18) Christian Peters8 (15 Oct 2012)
A significant portion of USDA's intramural and extramural funding focuses, quite correctly, on production agriculture. However, given the epidemic of obesity and other diet-related chronic diseases, it is necessary to determine how human health concerns should impact agricultural production.

To this end, I support the comments made by Drs. Schneeman and Dwyer regarding the need to understand the barriers to consuming a more healthful diet. In addition, I think it is important to better understand how dietary changes influence agricultural production systems and vice versa. As a single example, consider the fate of higher-fat cuts of meat as U.S consumers shift to leaner cuts.
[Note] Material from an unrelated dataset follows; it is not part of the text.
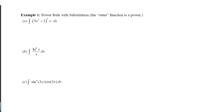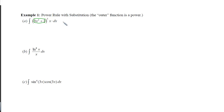With example one, we're now going to follow these steps. Step one is to look for an inner function and an outer function, where the inner function's derivative is inside the integral, or at least a constant multiple of it. In this particular case, we can see an inner function — 3x squared plus 2 — and its derivative, which is 6x. We have part of it; it's a constant multiple.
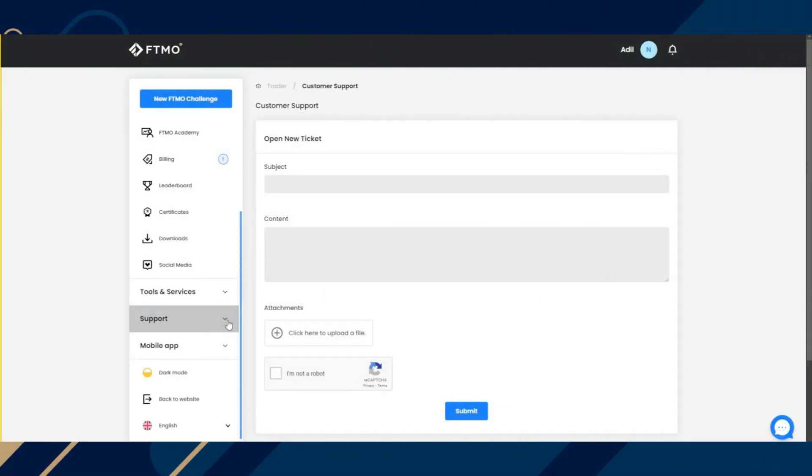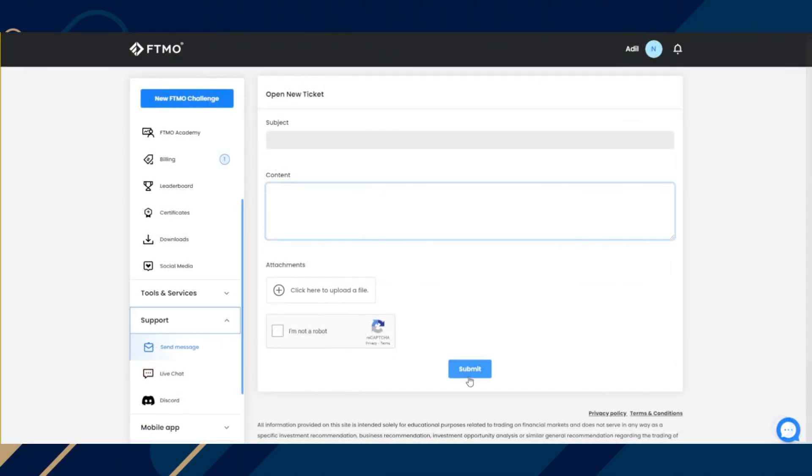Go and click on support, and once you click on it here, write the subject as 'delete my account' and in the content, write a valid reason why you want your account to be deleted. If there are any attachments, you can attach them as well and hit submit.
Is this a solid waste issue? Does it transfer the health problems of high-fat consumption from one population to another? Is it a livestock production problem (i.e. raise leaner animals)? Viewing agriculture and nutrition together brings such issues to the surface.
19) Shalene McNeill15 (15 Oct 2012)
Through a combination of breeding, feeding and retail trimming practices, the total fat content of conventionally fed red meats has declined dramatically over the last 3 decades. Furthermore, the majority of fatty acids in red meats are a combination of monounsaturated and neutral saturated fat (stearic acid). Human nutrition research is needed to assess the impact of current levels and types (leaner) of red meat intake when consumed as part of a recommended dietary pattern on selected health outcomes (ex CVD, Met Syndrome) to determine if nutrient modifications of livestock (especially beef and pork) are warranted.
20) Jonathan Mein9 (15 Oct 2012)
The Dietary Guidelines for Americans continues to highlight increased consumption of fruits and vegetables as part of a healthy diet. However, nearly three-quarters of Americans do not meet the recommended intake levels for fruits and vegetables. Consumer research clearly indicates taste, flavor, appearance, convenience, and nutrition as the top drivers of fruit and vegetable consumption. The variation in taste, flavor, and nutrition components are driven by both genetic and environmental factors. Agricultural production has to date focused on agronomic aspects, such as yield and disease resistance, with little emphasis on quality traits, an often neglected aspect of plant breeding. Agricultural production is shifting dramatically from open field to protected environment as well from northern US to Mexico and Latin America. These shifts warrant systematic measurement and understanding of flavor components, nutrients, and phytonutrients. Placing emphasis on this type of research and data is critical for establishing a proper baseline for flavor and nutrients, leading to the development of varieties with consistent and better flavor and nutrition and ultimately increased consumption.